À très-haulte Princesse Russiane, qui m’avoit convié
à venir en son logis.



C e fut escript, o livre fatidicque
Où male chance et meschiefs sont escripts,
Qu’onc ne pourrai, si grand désir m’en picque,
Vous joindre un soir en ce mauvais Paris.

Berçais ce veuil, tant doulz à ma pensée,
De heurter l’huis à vos armes et scel :
Las ! L’espérance en fut tost trespassée,
Comme ces fils qui meurent au bercel.


Pire viage encor que cil d’Ulysse
Qu’Homère eust dict en devis élégans :
Cy l’essaierai, pour qu’un chascun paslisse
Au mal dangier qu’est d’oblier ses gants.

Tout rez de frez, pigné, camise nette,
Dextre en mon col et cravaté de blanc,
Jà je tangeais des detz à la sonnette,
Quand vis main nüe, et fut mon cueur dolent.

Lors, de courir dévallant par les rues,
Cherchant gantiers, et gantières aussi.
Rode, cochier, emmi neiges accrues :
Paouvre cheval s’en va soufflant merci…

Pied cy, pied là : ne gantier, ne gantière ;
Tous mercerots sont clos o boulevard !
Rode, cochier, de par la ville entière,
Tant et si long que vécy qu’il est tard.

Doncques, piteux et l’ame desconfite,
Reprins ma route ainsi qu’estais venu ;
Le bon cheval, s’enhortant d’aller vite,
Comme pehon, partit, trottant menu.


Me conduisit lors en ces lieux infâmes,
Où tous nos maulx se résolvent en ruyt.
Car l’obli gist dans les grèves des femmes ;
N’est tel chagrin qu’un souëf caz ne destruyt.
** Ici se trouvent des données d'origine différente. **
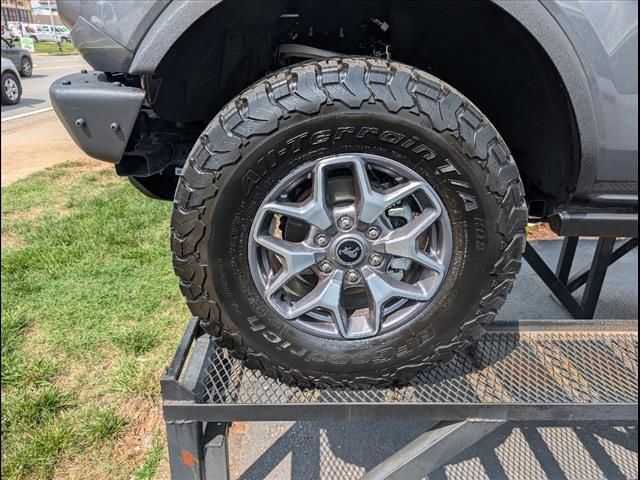 Used 2024 Ford Bronco Badlands AWD/4WD image 4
Sur culs vénals et nombrils de louaige,
La pleine nuyct musai, fesses en l’air,
Hobant des reins et besongnant d’oultraige,
Et de mon sang esmorchant le plus cler.

Quand j’eus parfaict mainctes et mainctes courses,
L’heure sonnant d’yssir des bas mestiers,
Sec, ars, meurdri, vuide en toutes mes bourses,
Vers mon logis revins, très-lent des piéz…

Et tout au cours pendaient par grand malice
Ces rouges gants d’enseignes, me narguans ;
Et cy l’escris, pour qu’un chascun paslisse
Au mal dangier qu’est d’oblier ses gants.